• Comparable figures represent an increase of 17% over the same period last year, with net income of US$ 65 million.
  • The financial statements reflect the extraordinary accounting effects from classifying SAAM Ports and SAAM Logistics as available for sale.


Santiago, November 4, 2022. SAAM [SM SAAM] reported comparable net income of US$ 65 million for the nine months ended in September, 17% more than the same period last year. Sales and EBITDA for the same period reached US$ 624 million (+14%) and US$ 215 million (+6%), respectively. Meanwhile, net income for the third quarter was US$ 22 million (+14%), sales totaled US$ 214 million (+11%) and EBITDA reached US$ 75 million (+9%).

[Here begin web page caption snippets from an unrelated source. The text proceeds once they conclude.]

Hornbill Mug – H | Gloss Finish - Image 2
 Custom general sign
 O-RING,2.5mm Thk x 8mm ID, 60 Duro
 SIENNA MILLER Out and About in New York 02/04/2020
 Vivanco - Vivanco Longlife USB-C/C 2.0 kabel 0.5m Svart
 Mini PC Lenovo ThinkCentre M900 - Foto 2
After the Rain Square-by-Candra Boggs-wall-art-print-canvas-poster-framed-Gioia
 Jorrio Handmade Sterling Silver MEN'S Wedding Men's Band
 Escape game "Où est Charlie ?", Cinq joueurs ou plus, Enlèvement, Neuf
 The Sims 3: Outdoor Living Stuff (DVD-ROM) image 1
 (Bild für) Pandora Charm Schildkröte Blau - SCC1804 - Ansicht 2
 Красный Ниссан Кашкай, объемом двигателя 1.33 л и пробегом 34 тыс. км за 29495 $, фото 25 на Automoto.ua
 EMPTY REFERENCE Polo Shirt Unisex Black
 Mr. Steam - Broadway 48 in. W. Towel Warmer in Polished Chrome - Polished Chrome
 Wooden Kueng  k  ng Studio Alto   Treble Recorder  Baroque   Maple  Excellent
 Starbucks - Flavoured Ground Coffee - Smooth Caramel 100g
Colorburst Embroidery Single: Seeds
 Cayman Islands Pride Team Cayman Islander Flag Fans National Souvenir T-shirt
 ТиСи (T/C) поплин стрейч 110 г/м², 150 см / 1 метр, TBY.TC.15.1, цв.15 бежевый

“Our results remain solid, driven by improved performances from the towage division—especially our operations in Brazil, Canada and Peru—and the port division, which, despite declines in volumes, had a good mix of services. These improved results offset reduced activity in air cargo logistics and cost increases due to inflation and fuel during the period,” commented SAAM’s CEO, Macario Valdés.

Recent milestones included the announcement of the signing of a binding agreement with Hapag-Lloyd for the sale of SAAM Ports and SAAM Logistics. Last quarter the company also closed a deal to purchase the towage business operated by Ian Taylor in Peru; signed an agreement with Teck to build SAAM Towage’s first electric tugs for Canada; and received a new vessel for Panama and another for Peru.

Results of Continuing and Discontinued Operations

Beginning with this report, the company’s financial statements will separately disclose continuing and discontinued operations, following the agreement signed with Hapag-Lloyd to sell its port terminals and related logistics operations.

In addition, according to accounting standards, an extraordinary deferred tax expense of US$ 32.5 million was recorded for the differences between the book and historical values of SM SAAM S.A.’s investments in SAAM Ports and SAAM Logistics, anticipating part of the tax expenses of the transaction

Continuing operations, which include mainly the towage and air cargo logistics operations, reported net income of US$8.3 million in the third quarter and US$20.5 million YTD through September. For 3Q22, the Towage Division reported sales of US$ 284 million (+13%) and EBITDA of US$ 99 million (-6%).

Discontinued operations, which include port terminals and inland logistics operations, had net income of US$13,3 million in the third quarter, excluding the extraordinary adjustment mentioned above. For the third quarter, the Port Terminals Division achieved sales of US$ 238 million and EBITDA of US$ 89 million, improvements of +15% and +16%, respectively.